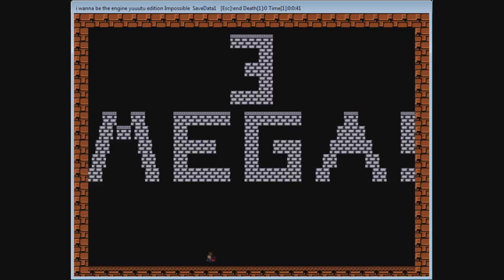So thank you everyone for watching. I hope you enjoyed this. I hope you all go and beat this fantastically wonderful Mega Jump. And bye-bye.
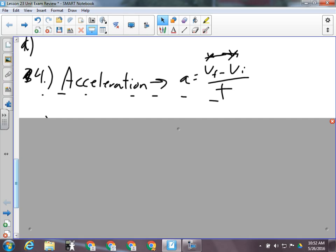The only formula we have that involves acceleration is: change in velocity over time — VF minus VI over t — equals acceleration. There will be some problem solving with that formula, and you are going to have to manipulate it, so make sure you look over your algebra.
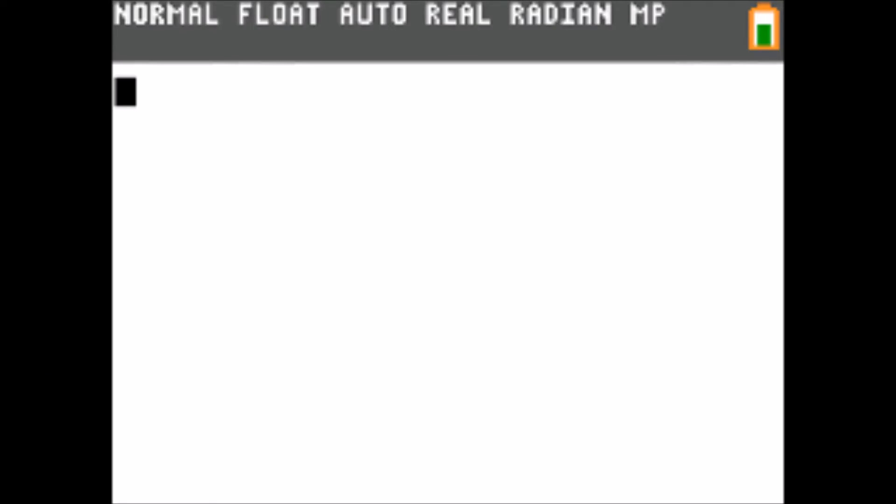Welcome to episode 5 of programming in TI-Basic. In this episode we're going to learn how to make a menu system and a scoreboard system.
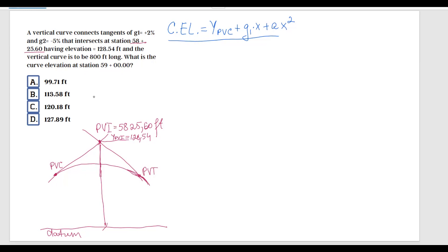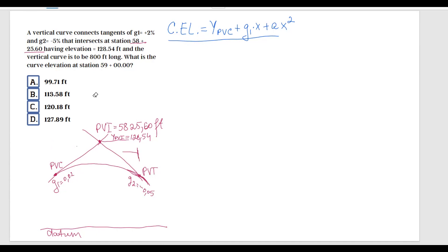We have grade G1 equals 0.02, and G2 equals minus 0.05 — negative because it goes downhill. The length of curve L is the horizontal distance from PVC to PVT, and L equals 800 feet. I believe that covers everything given in the problem. Now we have to find the curve elevation at station 59+00, so there are a few things to calculate first.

■ GOAL OF THE EXERCISE:
Given the listing above, retype only the span of lines from the line with "The only formula" up to and including the line with "Welcome to episode", exactly as it stands and without pictures.

■ RESPONSE TO THE TASK:
The only formula we have that involves acceleration is: change in velocity over time — VF minus VI over t — equals acceleration. There will be some problem solving with that formula, and you are going to have to manipulate it, so make sure you look over your algebra.
Welcome to episode 5 of programming in TI-Basic. In this episode we're going to learn how to make a menu system and a scoreboard system.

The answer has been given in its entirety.